M. François Mitterrand. J'ai voté, avec mes amis de groupe, qui se
partageront dans ce vote, contre la Constitution de 1946 et j'ai voté, avec les
mêmes amis, pour tous les projets réformant cette même Constitution.
Cependant,
j'ai tout lieu de croire qu'il ne s'agit pas en l'occurrence – c'est bien
clair – d'une réforme de la Constitution, même à la manière de
M. Pierre Pflimlin. Il s'agit tout bonnement, mesdames, messieurs – pourquoi le nier, le taire, ou
l'oublier ? – d'un changement de régime. (Applaudissements sur quelques
bancs à gauche.)
Le
contexte favorable, il appartient à un certain nombre d'entre vous, qui se
prononceront « pour », de l'exposer entièrement. Pour moi, je
voudrais dire ma principale objection.
La
présence du général de Gaulle signifie, même malgré lui, que désormais les
minorités violentes pourront impunément et victorieusement partir à l'assaut de
la démocratie. (Applaudissements sur les mêmes bancs.)
Lorsque,
le 10 septembre 1944, le général de Gaulle s'est présenté devant l'Assemblée
consultative issue des combats de l'extérieur ou de la Résistance, il avait
auprès de lui deux compagnons qui s'appelaient l'honneur et Ia patrie.
Ses
compagnons d'aujourd'hui, qu'il n'a sans doute pas choisis mais qui l'ont suivi
jusqu'ici, se nomment le coup de force et la sédition. (Applaudissements à
l'extrême gauche et sur plusieurs bancs à gauche).

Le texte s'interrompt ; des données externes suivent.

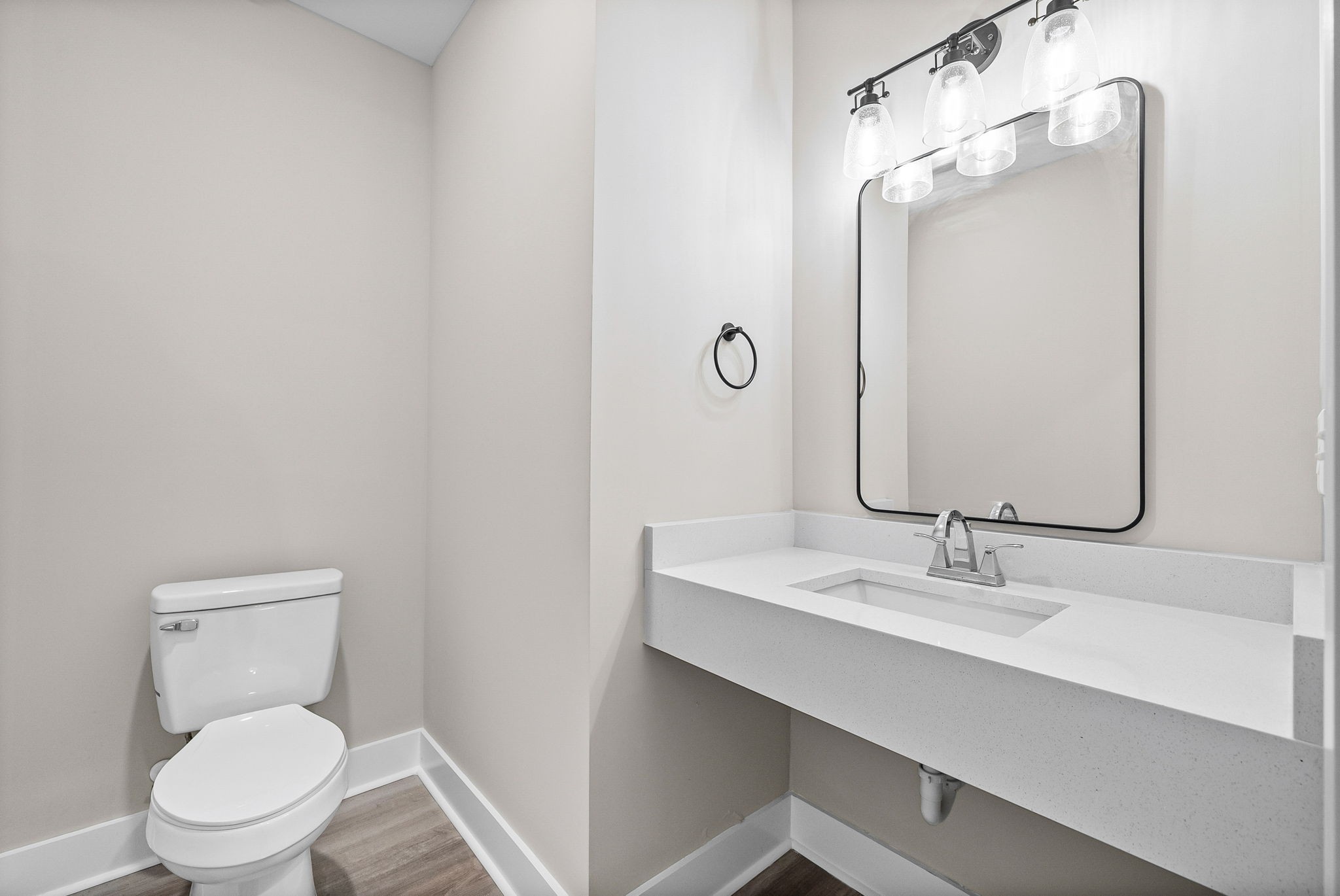438 Centre Street Pleasant View, TN 37146 - Photo 25 of 44 a bathroom with a toilet a sink a mirror and vanity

En bref, au moment où l'Assemblée nationale va se
prononcer, au moment où - comme son message solennel l'a rappelé ici même
avant-hier - le plus illustre des Français se présente devant nous, je ne puis
oublier que le Général de Gaulle, président du Conseil pressenti, fut appelé
d'abord et avant tout par une armée indisciplinée. (Murmures à droite.)
En droit, le Général de Gaulle tiendra ce soir ses
pouvoirs de la représentation nationale ; en fait il les détient déjà du coup
de force. (Vifs applaudissements sur de nombreux bancs à gauche.)
Quelqu'un vient de dire : dans quelque temps, vous
vous rallierez.
Eh bien ! Oui, mesdames, messieurs ! Si le général de
Gaulle est le fondateur d'une nouvelle forme de démocratie...
...si le général de Gaulle est le
libérateur des peuples africains, le mainteneur de la présence de la France
partout au-delà des mers, s'il est le restaurateur de l'unité nationale, s'il
prête à la France ce q'il lui faut aussi de continuité et d'autorité, je me
rallierai, mais à une condition...
M. Pierre Charles. Un portefeuille !
M. le Président (André Le Troquer) : Ces
interruptions sont intolérables.
Je préviens ceux qui s'en rendraient coupables que je
prononcerai des rappels à l'ordre avec inscription au procès-verbal.
M. François Mitterrand. Je prie
monsieur le Président de l'Assemblée nationale de ne pas s'émouvoir.
M. le Président. Je ne suis pas ému. ! (Rires)
M. François Mitterrand. Il est
vrai, que j'ai eu plus souvent l'occasion de refuser un poste dans un
gouvernement que ce monsieur ! (Rires)
Mesdames, messieurs, puisqu'il s'agit de nous séparer
pour des mois, puisqu'une seule chose est claire dans ce qui nous a été
annoncé, c'est que nous serons sans délai en congé, puisque nous savons que
nous est réservée une séance de pure forme, imposée par la Constitution, le
premier mardi d'octobre, puisque le général de Gaulle nous invite à nous taire
et à le laisser faire, je pense que c'est maintenant qu'il faut crier à la
Nation que les hommes qui se battent pour la liberté et pour la souveraineté
populaire, même s'ils ont le cœur plein d'inquiétude, même s'ils sont
angoissés, ne se laisseront pas aller au désespoir.
Il y a encore beaucoup à faire et la France continue.
Il y a la foi et il y a la volonté et il y a, au bout du compte, la liberté
victorieuse dans la patrie réconciliée.
Cet espoir me suffit, m'encourage, m'accompagne au
moment où je vais voter contre l'investiture du général de Gaulle.(Vifs applaudissements
sur de nombreux bancs à gauche et sur tous les bancs à l'extrême gauche.)